Gustavo GironiNo entanto, segundo Gironi, é importante tomar algumas precauções para o início da prática. “O primeiro passo para começar qualquer atividade física é passar por um médico cardiologista e realizar exames clínicos. Quando estiver pronto para as pedaladas, é importante verificar as características da bicicleta, para ter certeza de que o tamanho do quadro é adequado e de que as alturas do banco e do guidão estão de acordo”, explica.

O educador físico ressalta que quem não pratica exercícios regularmente precisa de cautela para dar as primeiras pedaladas. “De preferência, inicialmente, o ideal é pedalar em percursos planos e num ritmo leve.
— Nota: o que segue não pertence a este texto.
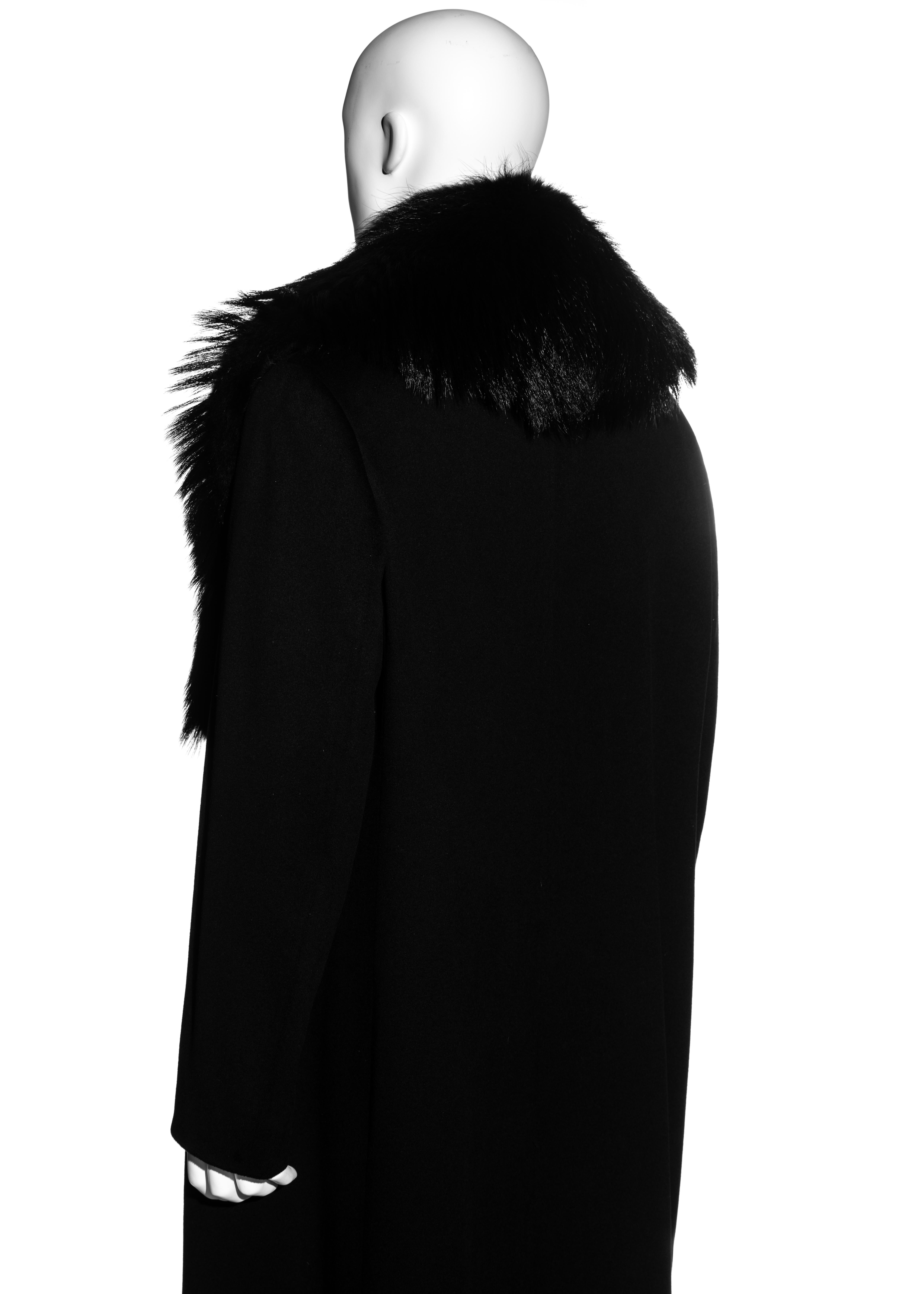 Men's Gianni Versace black cashmere wool oversized coat with fox fur, fw 1999 3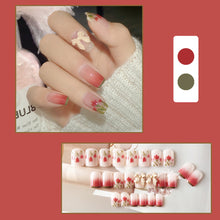 Load image into Gallery viewer, 24pcs/set Short Manicure Fake Nail Detachable Nail Patch Wearing Nails Nail Stickers Nail Art Accessories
Depois, a pessoa pode aumentar gradativamente tanto o ritmo quanto as distâncias, de acordo com a melhora de seu condicionamento”, diz.

Gironi completa que o ideal é utilizar sempre equipamentos adequados, como capacetes, luvas, óculos e roupas adequadas. Além disso, estar acompanhado de uma garrafinha de água também é imprescindível. 

Com todas essas dicas e sugestões, o caminho parece estar livre: não há mais desculpas para não arriscar algumas pedaladas na Ciclofaixa de Lazer.